JrockRevolution.com was escorted into the labyrinth of the Los Angeles Knitting Factory, and deep in its belly we found four poised young men awaiting their stage time. In a small red-walled room the size of a shed, we had the opportunity to interview Fuki and Kiwamu of BLOOD, and Ken of GPKism.
JRR: Hello everyone, thank you for letting us interview you today. Our first question is in regards to your previous live in Mexico. How was it?
JRR: Any difference from last time?
BLOOD: Ken has been added.
JRR: How did you decide on the line-up of this tour?
BLOOD: We went by the schedule and tried to call as many people as possible. We could only select a few since we couldn’t bring everyone.
JRR: Is there anything you wish you could have done as a band before you broke up?
BLOOD: Well, we accomplished a lot. We were one of the first visual bands to tour France, well, really Europe in general; we did seven lives in France, nine in the USA, six in Mexico. We were one of the first bands to sell over 20 thousand copies of CDs around the world without any company promoting them or any particular management. BLOOD was also one of the first bands to mix songs for other bands. Other VK artists also mixed for us, and we got some international bands too.
JRR: Like who?
BLOOD: Silver Six of Greece, The Last Dance of the US, Spectrum-X from Italy. The composer for Hamasaki Ayumi wrote various songs for us.

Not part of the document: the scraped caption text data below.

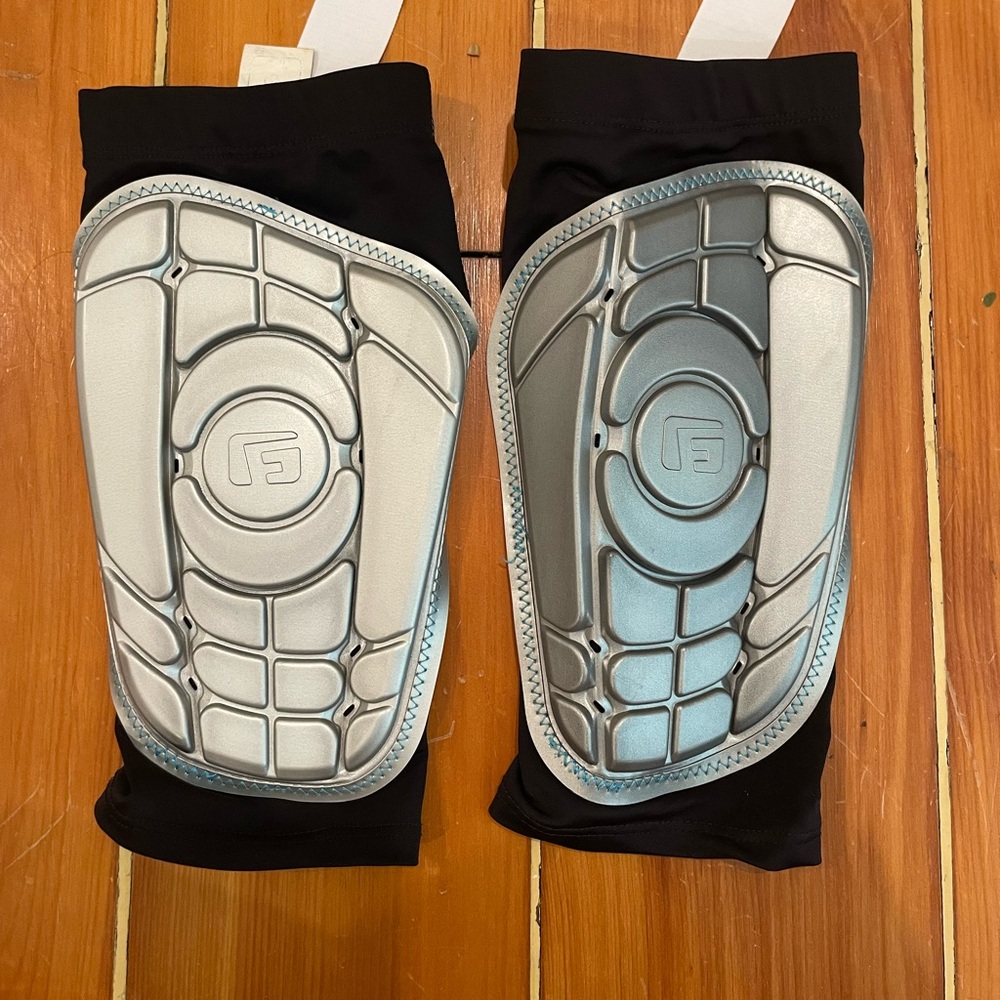 G-Form Pro-S Elite Shin Guards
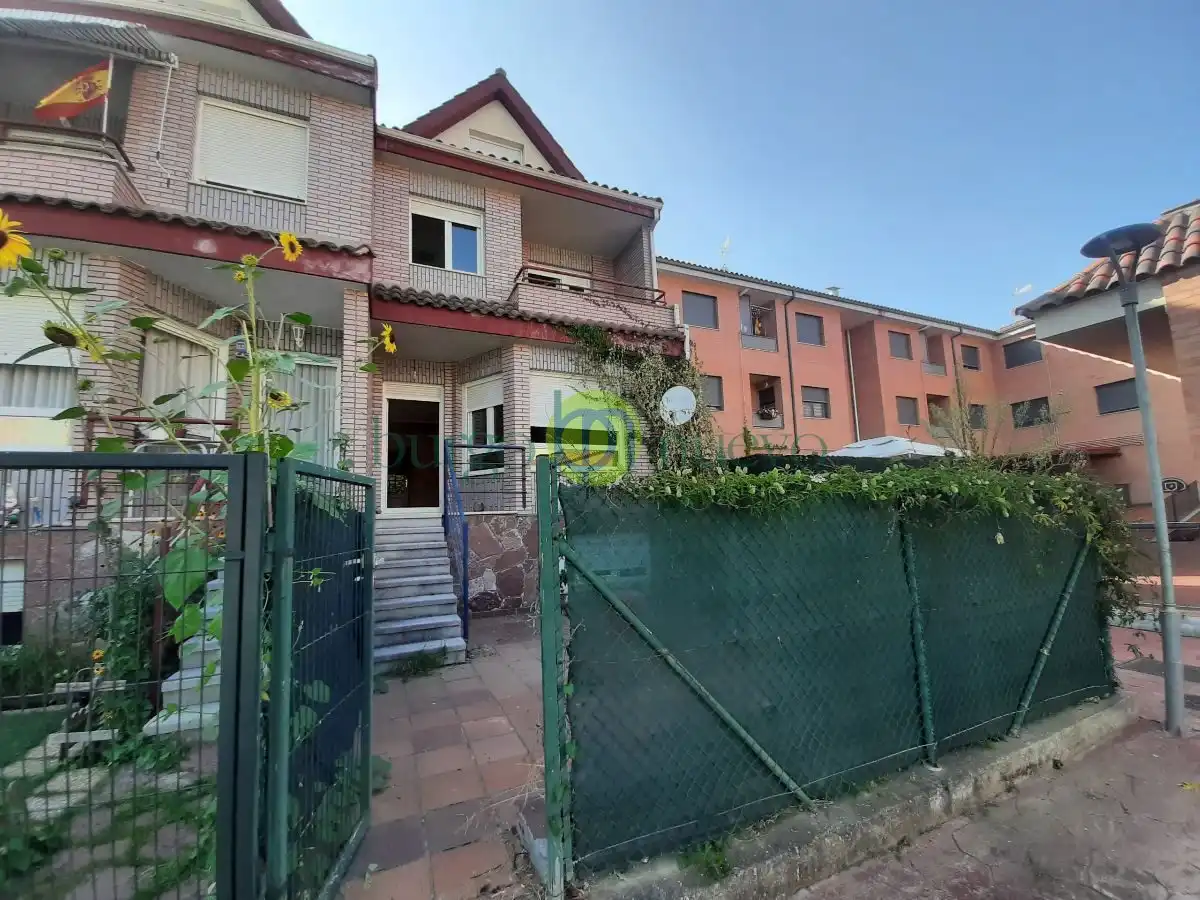 Haus oder Chalet zur Miete in Calle Guadalquivir, San Andrés del Rabanedo pueblo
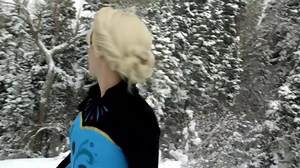 3.8K views · 51 reactions | Let it go in Real #Elsa #Frozen #Costumes Same dresses and wigs are available here at #Party_Planet للحصول على نفس الفساتين و الباروكة تفضلوا بزيارتنا في بارتي بلانيت | Party Planet | Facebook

Kiwamu: I wish we had a bigger fanbase in Japan, more like we do overseas. Our overseas fans go through MySpace and listen to the music, not really thinking about what we look like. 99% of fans look at our faces and not even bother. They don’t listen to the music.
JRR: Regarding your latest album, “Last Sky”, is there any difference between this and the previous album?
BLOOD: There really isn’t any difference between “Last Sky” and previous album. We didn’t really think of it as our last album.
JRR: Which is the most meaningful to you?
BLOOD: All the songs are important, it’s impossible to pick one.
JRR: Americans are often scared of visual kei. What would you say to someone who was wary to get him or her to try your music?
BLOOD: Most people in Japan, when they [hear] VK, say, “eww…” or “oh, it’s visual kei” (in a disgusted tone of voice). It’s far better to look at the picture and listen to the music first. It’s a better way to get them to listen to the music.
JRR: Do you still have your first guitars?
Fuuki and Kiwamu: We lost them.
JRR: If you had a child who wanted to become a visual or gothic musician, would you support them?
Ken: I wouldn’t push myself on my child, I would give my child total freedom and contemplate exactly he or she wants to do for life. It is all about freedom.
JRR: Have you ever had problems with that attitude? Or challenges or difficulties personally when people look at you weird?
Ken: There were others who misunderstood the aspects of that type of lifestyle, how the individuality is inserted. I am just trying to evoke a sense of freedom upon myself.
JRR: What about BLOOD?
Kiwamu: Like Ken, I will let him do what he wants to do. I will not force a certain style on him.
Fuki: I have numerous amounts of instruments and CDs at my home, so it’s highly likely that the kid will go to that direction. He’ll be curious.
JRR: For GPK, any more international tours planned?
Ken: We’re planning [an] Australian tour.
Kiwamu: Four places with DJ SiSen.
JRR: Where else?
BLOOD/GPKism: We did a lot of touring. Besides the spots we already went, there’s no place else we want to go. We tried to go to Italy, but it didn’t really work out with tour promoter. Maybe London again.
JRR: What about the rest of Asia, like South Asia and Korea?
Kiwamu: If we had connections to those places, of course we’d go. Maybe China, I’ve heard of a couple of bands that played there; sounded really fun.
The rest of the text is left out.